There’s no business in the world that would prefer to do everything the hard way.
Everyone would much rather do things more efficiently, increase their overall and individual productivity, improve their bottom line, and simply grow.
So if this is indeed everyone’s wish, how can we account for all the times businesses big and small fail to be as productive and efficient as they would ideally like to be?
The key lies in operation streamlining – a process that often takes a lot of time, requires some dedication and invariably, some investment, and that is never easy to execute. There is no silver bullet for productivity, efficiency, or success.
That being said, let’s look at some of the ways in which you can streamline your own business operations. Do bear in mind that some of this advice may simply not apply to your company, so before you jump into implementation, think about ROI. Which strategy would deliver the best results in your particular case?
Recognize when you need to outsource
While there are certain benefits to doing everything in-house – control over the process, control over the outcome, lower costs, growth opportunities – sometimes, this comes at a cost you should not be looking to pay.
Don’t think of outsourcing as it is at its worst. Think of it as it is at its best. Don’t consider it as hiring someone for a low fee to do something poorly. Consider it as hiring an expert in their field (a field you yourself don’t have expertise in), who will help you with a task you don’t usually tackle.

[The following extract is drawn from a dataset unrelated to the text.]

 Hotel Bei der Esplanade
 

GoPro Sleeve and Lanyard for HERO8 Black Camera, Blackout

You will certainly need to invest some time in finding the right freelancer to work with. But once you find them, you can enjoy the benefits of their experience and insight, without having to pull someone in-house away from their usual work.

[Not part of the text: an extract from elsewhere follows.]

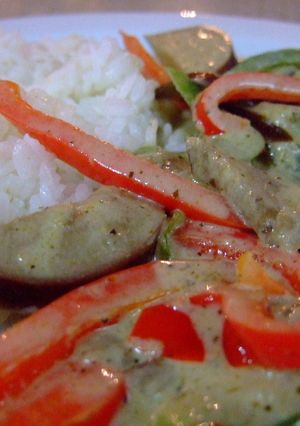 濃厚♪本格タイ☆グリーンカレー☆-レシピのメイン写真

Not to mention, establishing good working relationships with freelancers means you can one day bring them on board as part of your staff, allowing you to expand your business’ scope.

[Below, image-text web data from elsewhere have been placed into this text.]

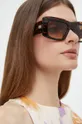 коричневий Сонцезахисні окуляри Balmain ENVIE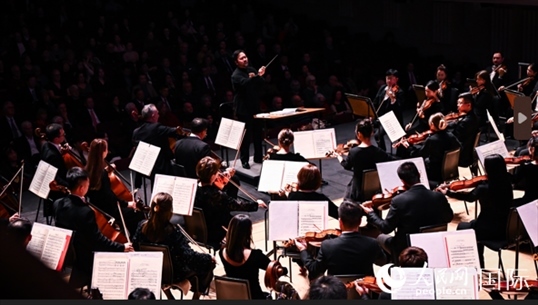 演出現(xiàn)場。人民網(wǎng) 郭錦標(biāo)攝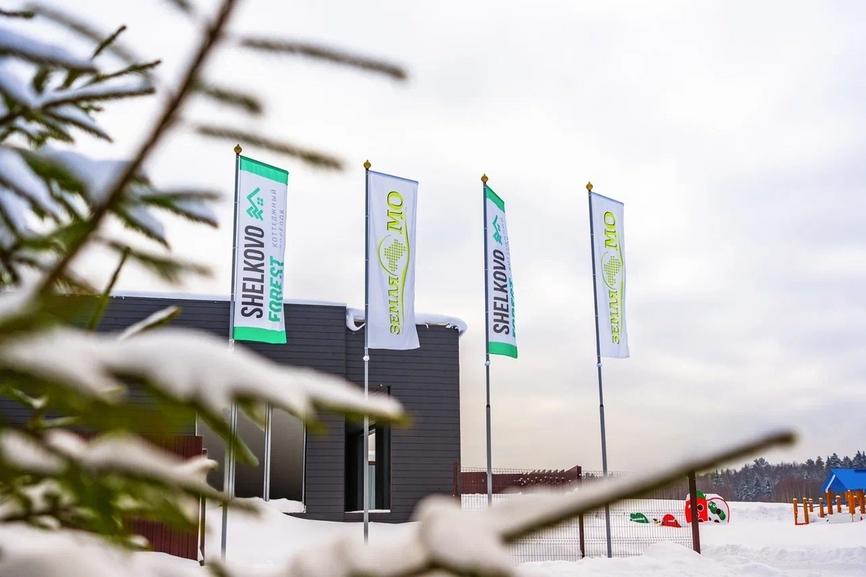 ТОП-5 коттеджных поселков Подмосковья у Ступино 4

Make sure you have backups
In a world where everything is digital, and when we are able to save digital copies of documents and files in the cloud with very little effort, we sometimes forget how important it is to have physical backups of our most important data.
Never underestimate the value of a hard copy, even in the case of something as seemingly simple as your calendar. Imagine if you were to get hacked and locked out of your calendar account. How are you then supposed to remember who you are meeting when, and which clients are expecting a return call?
Create a backup process for everything: from your most important documents and client files, down to the files that keep your business running (like calendars, rosters, etc.). Both a digital and a hard copy should be created as often as you figure out is best.
Assign this task to the appropriate people, and you will not have to suffer a disruption in operations if a system is to be attacked or fails.
Use one piece of software for keeping track of operations
The more apps you have at your disposal, the less organized you will be. If you need to check a calendar, then a sheet, then a project management app, and then finally use a chat app to get in touch with someone, you have already wasted precious time (and energy).
Try to cut down your organizational needs to the bare bones. What do you need? A chat app and a way to assign tasks? Are you also sharing files? Do you need the option for more than one team to collaborate on more than one task? Are you tracking time as well? Where do the vacation schedules go?
There are so many productivity and management apps out there you will certainly find one (or two, if you really can’t get away with one) that will cater to your needs. From Basecamp to Trello and Notion to Slack, you can certainly figure out a way to do things with a little bit less hassle.
This will also cut down on your expenses as well.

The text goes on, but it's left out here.